Demais, enquanto se buscar apenas a recuperação do crédito, dificilmente haverá o afastamento da ideia de lei simbólica. A função social da lei permanece, ainda, latente.


Notas

  1. A Constitucionalização Simbólica. São Paulo: Martins Fontes, 2007, p. 23. Grifos no original.

  2. Especialmente em relação ao Chapter Eleven do Bankruptcy Code, foi elaborado em conformidade com a crise/realidade empresarial nos Estados Unidos. Tanto lá quanto aqui, certamente se busca a solução de mercado, considerando não apenas a negociação direta das partes envolvidas no processo [devedor e credores e eventual terceiro interessado em socorrer financeiramente a entidade em crise], imperando o nítido poder de barganha. Mas, lembre-se, é o mesmo mercado que permitirá [ou não] o funcionamento regular da empresa e a mantença da pessoa jurídica em operação. A solução para a crise empresarial é de mercado.

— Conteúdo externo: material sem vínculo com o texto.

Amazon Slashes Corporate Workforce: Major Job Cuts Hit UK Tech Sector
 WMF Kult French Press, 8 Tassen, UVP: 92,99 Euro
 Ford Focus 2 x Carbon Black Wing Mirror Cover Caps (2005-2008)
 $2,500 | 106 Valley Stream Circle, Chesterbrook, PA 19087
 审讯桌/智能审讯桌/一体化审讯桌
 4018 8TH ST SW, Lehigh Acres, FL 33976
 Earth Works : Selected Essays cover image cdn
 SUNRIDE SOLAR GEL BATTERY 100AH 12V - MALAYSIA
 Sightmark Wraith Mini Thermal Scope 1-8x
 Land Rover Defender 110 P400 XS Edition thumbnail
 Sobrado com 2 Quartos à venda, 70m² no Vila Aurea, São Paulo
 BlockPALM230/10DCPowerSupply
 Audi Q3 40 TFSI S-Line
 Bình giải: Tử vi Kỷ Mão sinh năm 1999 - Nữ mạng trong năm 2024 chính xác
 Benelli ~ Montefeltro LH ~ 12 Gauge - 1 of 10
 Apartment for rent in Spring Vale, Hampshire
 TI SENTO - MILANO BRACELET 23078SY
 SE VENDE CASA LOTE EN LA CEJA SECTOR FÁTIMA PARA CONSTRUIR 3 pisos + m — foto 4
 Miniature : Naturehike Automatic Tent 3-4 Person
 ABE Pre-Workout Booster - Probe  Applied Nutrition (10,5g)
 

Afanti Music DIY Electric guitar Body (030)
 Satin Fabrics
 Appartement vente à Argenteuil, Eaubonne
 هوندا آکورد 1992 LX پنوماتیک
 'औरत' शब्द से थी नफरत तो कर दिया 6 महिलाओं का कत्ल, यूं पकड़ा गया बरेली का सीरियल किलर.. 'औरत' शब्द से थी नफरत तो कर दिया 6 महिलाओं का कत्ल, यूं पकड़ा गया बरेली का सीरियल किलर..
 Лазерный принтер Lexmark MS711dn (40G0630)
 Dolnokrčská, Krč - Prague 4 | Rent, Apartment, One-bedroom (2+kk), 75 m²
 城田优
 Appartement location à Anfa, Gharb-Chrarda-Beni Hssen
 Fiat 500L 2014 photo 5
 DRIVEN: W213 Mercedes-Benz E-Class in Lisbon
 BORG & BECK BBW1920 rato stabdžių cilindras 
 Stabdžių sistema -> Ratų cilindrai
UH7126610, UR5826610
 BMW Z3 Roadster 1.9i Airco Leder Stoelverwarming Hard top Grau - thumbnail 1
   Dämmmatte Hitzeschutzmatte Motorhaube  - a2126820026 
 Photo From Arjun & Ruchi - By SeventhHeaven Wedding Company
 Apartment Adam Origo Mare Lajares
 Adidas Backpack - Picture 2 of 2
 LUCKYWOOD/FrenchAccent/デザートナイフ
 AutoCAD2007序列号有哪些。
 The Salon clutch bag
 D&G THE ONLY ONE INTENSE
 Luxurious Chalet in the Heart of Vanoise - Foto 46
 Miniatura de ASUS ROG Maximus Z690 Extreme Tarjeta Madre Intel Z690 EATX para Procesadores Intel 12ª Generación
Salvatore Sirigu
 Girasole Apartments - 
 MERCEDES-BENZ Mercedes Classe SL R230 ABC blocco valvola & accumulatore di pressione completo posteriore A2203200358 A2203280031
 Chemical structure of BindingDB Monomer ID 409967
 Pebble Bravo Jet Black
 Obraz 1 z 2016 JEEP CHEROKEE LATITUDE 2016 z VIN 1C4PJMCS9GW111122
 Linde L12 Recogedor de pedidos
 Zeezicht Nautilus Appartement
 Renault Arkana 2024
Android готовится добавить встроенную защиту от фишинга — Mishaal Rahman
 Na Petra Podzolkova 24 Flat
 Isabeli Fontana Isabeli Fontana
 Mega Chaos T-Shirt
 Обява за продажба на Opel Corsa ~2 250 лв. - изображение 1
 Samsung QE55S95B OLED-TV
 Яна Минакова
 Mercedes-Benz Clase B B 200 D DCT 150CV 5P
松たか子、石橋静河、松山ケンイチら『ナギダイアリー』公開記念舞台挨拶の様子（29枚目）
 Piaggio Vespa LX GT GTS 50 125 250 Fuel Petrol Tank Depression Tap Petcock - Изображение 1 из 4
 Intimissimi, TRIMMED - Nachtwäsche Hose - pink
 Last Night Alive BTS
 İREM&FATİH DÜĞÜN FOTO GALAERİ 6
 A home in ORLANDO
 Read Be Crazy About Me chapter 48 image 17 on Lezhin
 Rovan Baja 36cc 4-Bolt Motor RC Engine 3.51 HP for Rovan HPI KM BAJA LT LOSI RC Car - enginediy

  3. Em virtude da Constituição Federal de 1988 e Código Civil de 2002, não mais cabia falar em comerciante, mas sim em empresa, em atividade econômica organizada, nos moldes da legislação italiana de 1942 [Código Civil, art. 2082]. Cabia colocar em degrau superior a Teoria da Empresa.

  4. Trata-se de medida preventiva, quando as dificuldades não se mostram graves. Em vez de aguardar que a crise tome maiores proporções, gerando mais passivo, abre-se tal processo. Visa a descobrir as dificuldades e em breve tempo obter a recuperação, mediante adequadas medidas.

  5. Destina-se a facilitar a reorganização do devedor, a fim de permitir a continuação da atividade econômica, a mantença do emprego e apuração do passivo. O procedimento é instaurado, de forma voluntária, a pedido do devedor, sem que tenha deixado de honrar os compromissos, cabendo demonstrar as dificuldades para cumprimento das obrigações. A abertura interrompe ou impede qualquer ação judicial em face do devedor. O procedimento dará origem a um plano, após o período de observação e, se for o caso, á formação de duas comissões de credores.

  6. CLARO, Carlos Roberto. Recuperação Judicial: sustentabilidade e função social da empresa. São Paulo: LTr Editora, 2009, p. 2009. Prossegue: O tema é deveras instigante e entende-se que, arrimada a Lei n. 11.101/05 nas disposições do Código de Processo Civil, por força do art. 189 daquela, perfeitamente possível ao juiz condutor do feito determinar sejam cumpridas todas as medidas necessárias à perfeita compreensão da matéria, inclusive que se emende a petição inicial, podendo até mesmo ocorrer o seu indeferimento de plano, seguindo todo o regramento contido no Código de Processo Civil. Op. cit., p. 210. A respeito: CLARO, Carlos R.: Apontamentos sobre o diagnóstico preliminar em recuperação judicial. Abordagem zetética. In ABRÃO, Carlos H.; CANTO, Jorge L. L. do; LUCON, Paulo H. dos S. (coord.). Moderno Direito Concursal. Análise plural das Leis nº 11.101/05 e nº 14.112/20, São Paulo: Quartier Latin, 2021.

  7. <https://www.serasaexperian.com.br/conteudos/indicadores-economicos/>. Acesso: 02/06/2022.

  8. A disrupção do direito empresarial: Estudos em homenagem à Ministra Nancy Andrighi. ABRÃO, Carlos H.; TSOUROUTSOGLOU, Irini; WIEDEMANN NETO, Ney; LUCON, Paulo H. dos S.; BENETI, Sidnei. (coord.). São Paulo: Quartier Latin, 2021, p. 220.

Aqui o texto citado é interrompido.